═════ Data listing
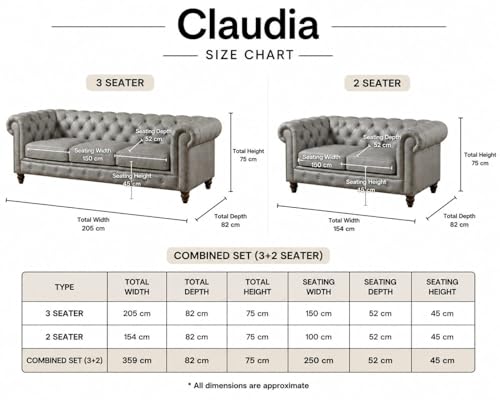 Image of Modern Classic Design Leatherette Luxury Chester Sofa Set with Button Tufted, 3+2=5 Seater Sofa for Living Room Home, Office and Lobby (Grey, 3+2=5 Seater Sofa)
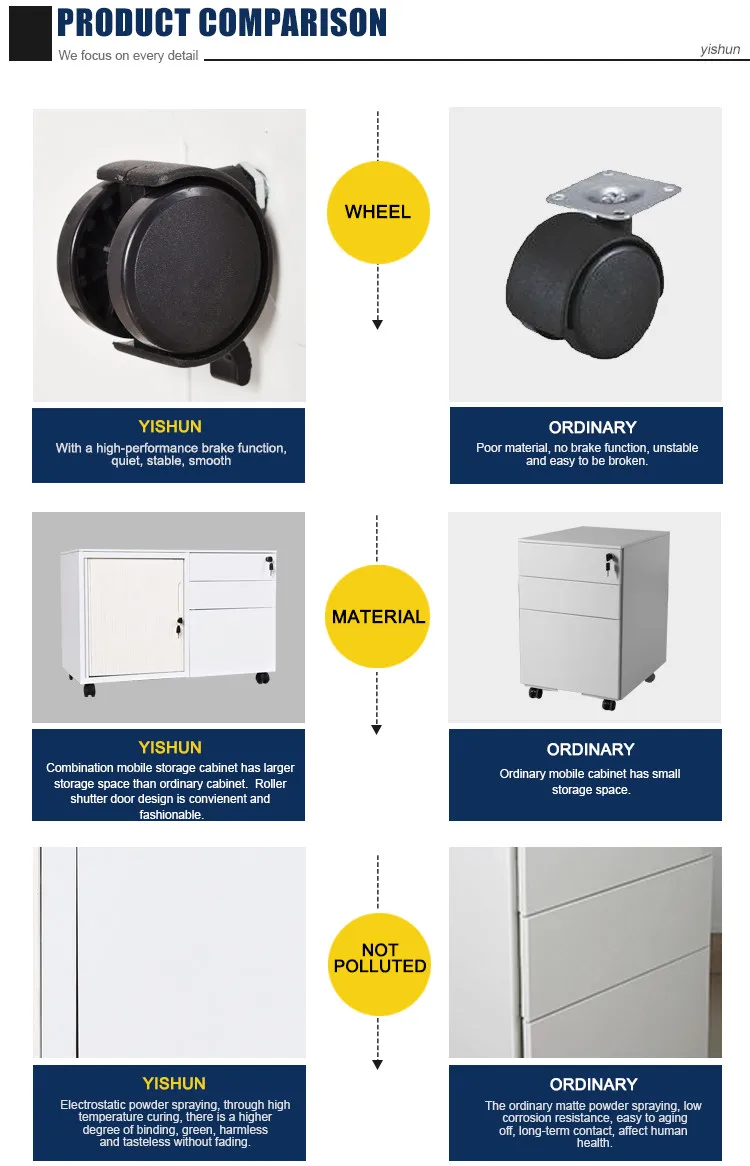 New design small tambour door cabinet with wheels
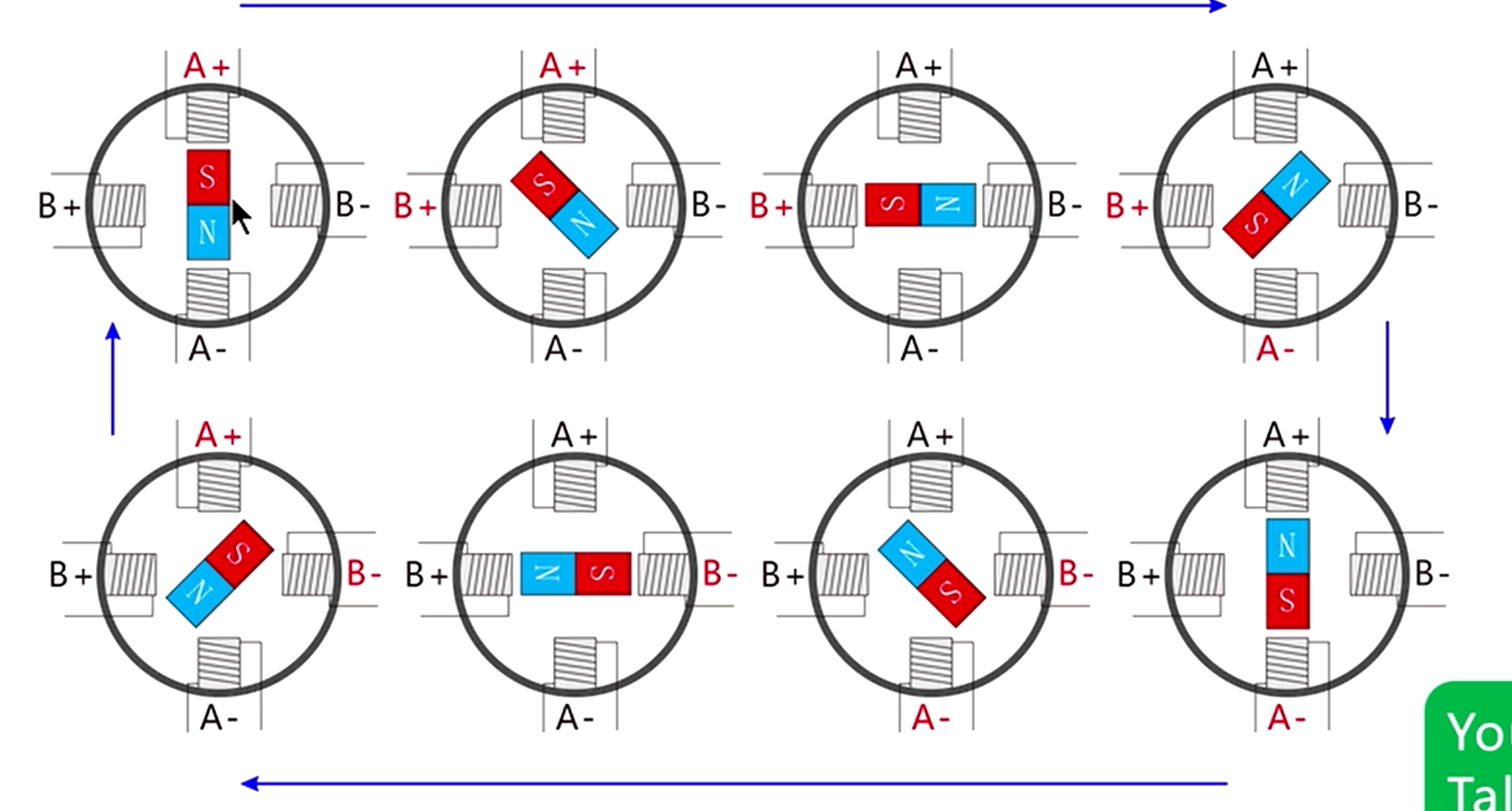 步进电机原理及驱动
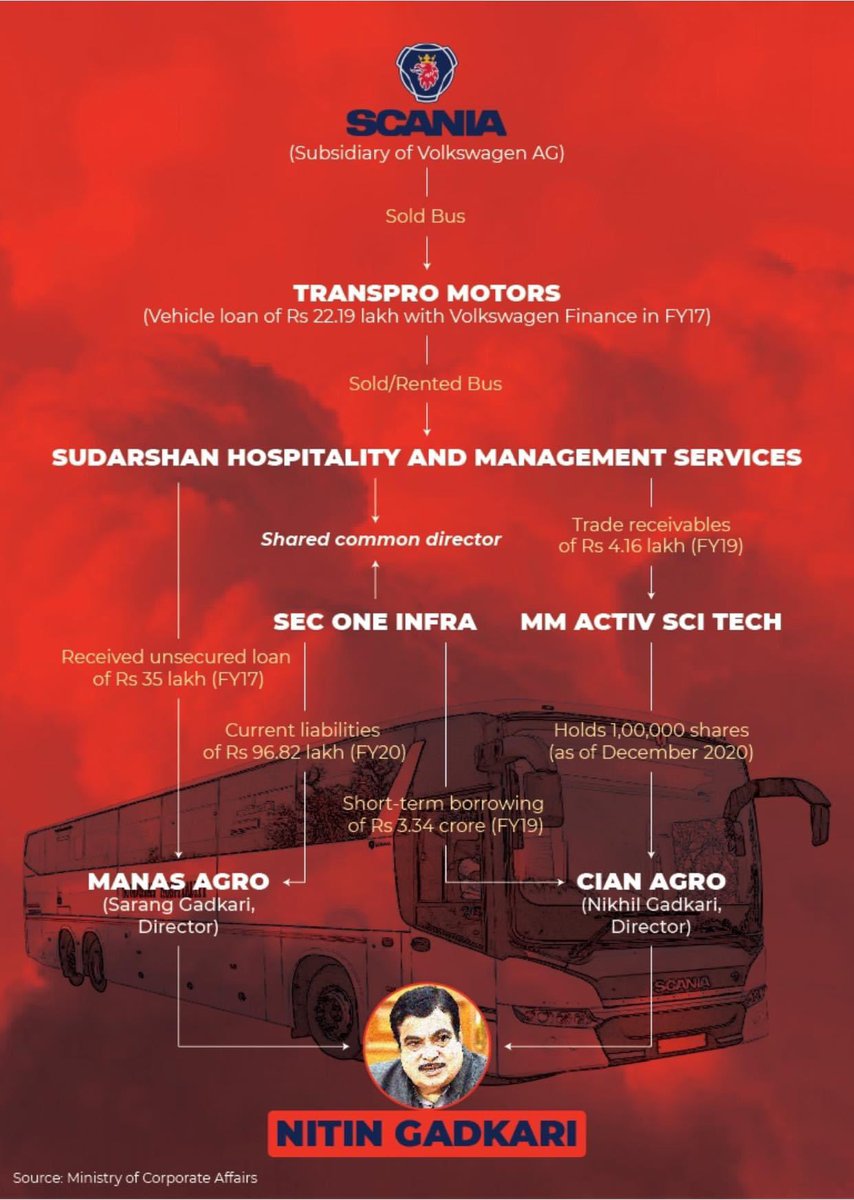 mcshivanisen's tweet photo. 2021 #ScaniaScam
So what happened to this? https://t.co/JB0eEsRBle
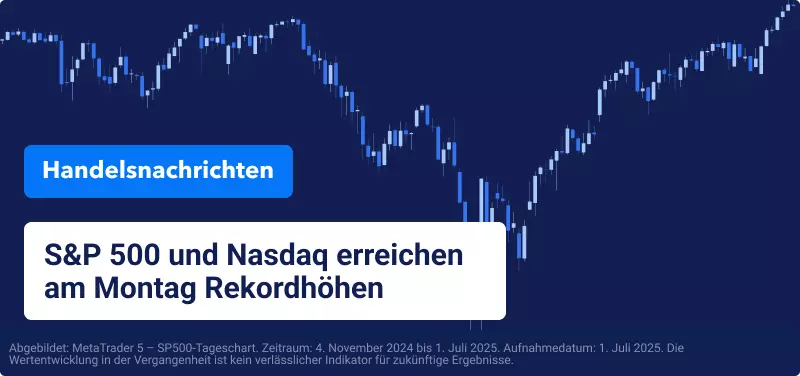 USA-Aktien erreichen neue Höchststände während Zolltermin näher rückt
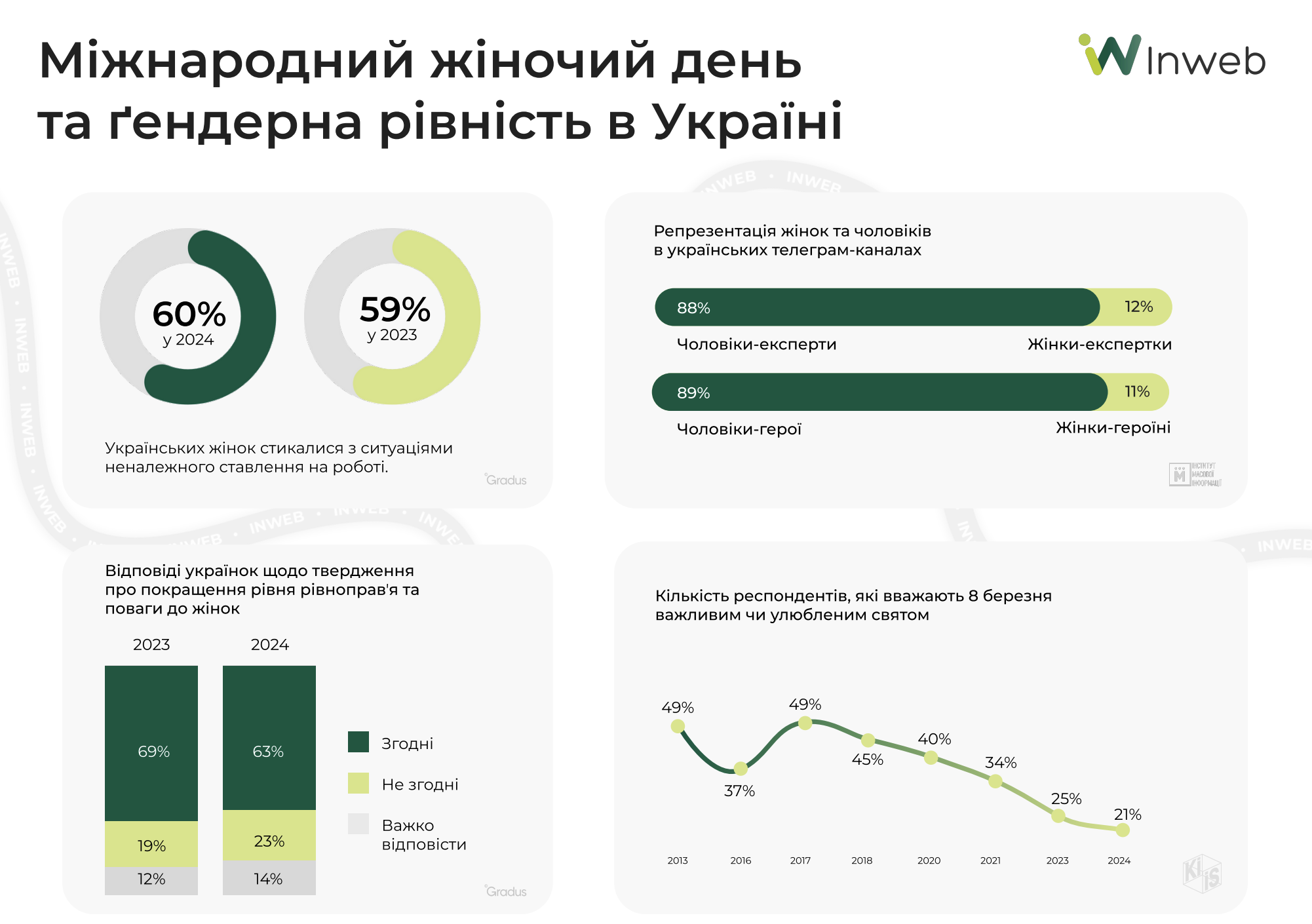 Фото: Чому важливо відзначати Міжнародний жіночий день боротьби за права жінок - інфографіка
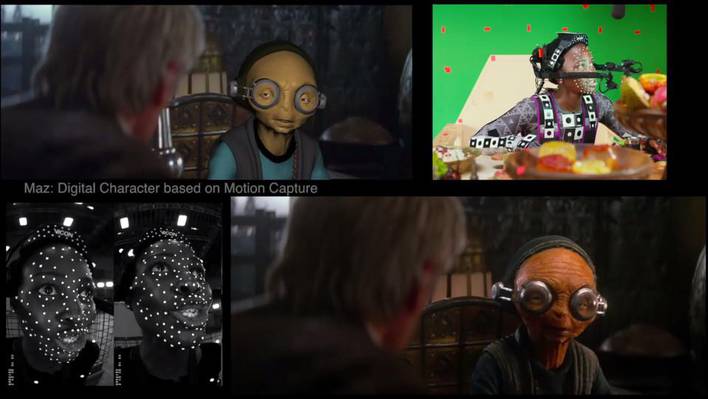 Star Wars VII – VFX Behind the Scenes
══════════
◆ Work task
Set down the material exactly, every line of it, except for the pictures.

◆ Task response
 Image of Modern Classic Design Leatherette Luxury Chester Sofa Set with Button Tufted, 3+2=5 Seater Sofa for Living Room Home, Office and Lobby (Grey, 3+2=5 Seater Sofa)
 New design small tambour door cabinet with wheels
 步进电机原理及驱动
 mcshivanisen's tweet photo. 2021 #ScaniaScam
So what happened to this? https://t.co/JB0eEsRBle
 USA-Aktien erreichen neue Höchststände während Zolltermin näher rückt
 Фото: Чому важливо відзначати Міжнародний жіночий день боротьби за права жінок - інфографіка
 Star Wars VII – VFX Behind the Scenes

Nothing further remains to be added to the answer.